I dont want to look around my room and see you in everything
You have your stamp on all my favourites
my favourite restaurants, my favourite celebrations, my favourite songs, even my favourite people too

I need to peel your labels off, labels of me and you
i hate that i still see you in everything i do

We made life together
We also ripped the worst out of each other

We loved each other and we hurt each other with equal intensity
I don't know if i'll ever go down that path again
You're one step ahead of me

He told me
Its ok to remember it as the saddest part of my life
but i dont have to live life sad
he always gets it right, and i miss him the most right now
you're not even here anymore and he catches me everytime you make me fall
he's the only person in this whole world who will never 'break up' with me

I hate what this has made me
I used to love weddings, I can't bear to sit through one anymore
I used to believe in eternity, its easier to throw a cynic's laugh now
I used to think honesty won you everything, honesty lost me everything
I don't give credit, I don't care, and I don't trust

People tell me the best is yet to come
Truly, its just the rest that are yet to come

I look around and realize how different life is
I look around and realize how still life is..

Friday, October 10, 2008

Sometimes

...you just need to have a really good cry..

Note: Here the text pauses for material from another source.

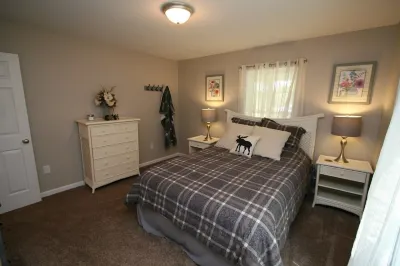 Wonderful BEAR-LY CONNECTED CABIN in the woods, West Virginia! Camp Walker附近的飯店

Thursday, September 18, 2008

You cry a little, you drink a little

and then you look out for the familiar faces to catch you when you fall..

Somebody told me today, that the only way to live life to the fullest, is to do the things you want to do and then let it unfold - to not over think it and not to force things, we can enable it, but we cannot force it.

We can enable it, but we cannot force it. I think that's just so clever.

Most times we don't do things because we fear breaking out of a comfort zone, or we fear losing someone, or we fear looking stupid. We look for an excuse not to go ahead and execute our true desires, because we fear something as stupid as what other people might think. Worse still, we convince ourselves on why we shouldn't purely based on fear. Harshly put, you want something so bad, but you're just too chicken shit to give it a shot.

I don't believe in having to live through a destiny, I believe you make your own destiny.

So what if we put ourselves out there for something we really want, and people think we're a little nuts. At least you can turn around and say 'hey, I tried'.

So here's what i'm going to do. I'm going to learn to live, love, lust and laugh with passion.

And if you respond like i'm a psycho freak, then its an adjudication of you not me, because at least i'll know i'm giving it my all.

you cry a little, you drink a little, you let them catch you, eventually you'll be true to yourself and get what you desired, otherwise you'd have still been true to yourself and you move on...

Tuesday, August 19, 2008

Really..

Correct me if i'm wrong, but isn't it a norm for people to smile in photos? Seriously, its not really common practice to take 'kodak' moments of people crying or sulking or feeling like life is in the pits isn't it..

Why do people keep finding the need to tell me how good it is to see me smiling in my photos? Do you really think its encouraging, or comforting?

It's just as bad as saying 'i know what you're going through' because you fucking don't..

Is it really such a big deal that i choose not to sit at home in a dark corner and cry my eyes out, or walk the classic stereotype of a broken hearted girl?

I wish people would stop telling me how brave I am, or how strong I am, or how happy I look...

There are those of you who really can make me smile, and that I love you for, and wish I had more of you..and I love even more how you don't keep telling me that i'm smiling..

But those of you who come out of nowhere..and think you're being concerned or supportive, stop it. Because you just don't know. And it hurts even more every time you think you're helping.

Sunday, July 27, 2008

Half Empty or Half Full..

I’m not really a big believer of signs. I’m tempted to take everything that happens around me as signs towards how my life should be directed hence forth, I then realize for that to happen I need to have some remote idea of where I want it to go at least. Otherwise signs just seem negative regardless of how positively they’re being injected into daily activity.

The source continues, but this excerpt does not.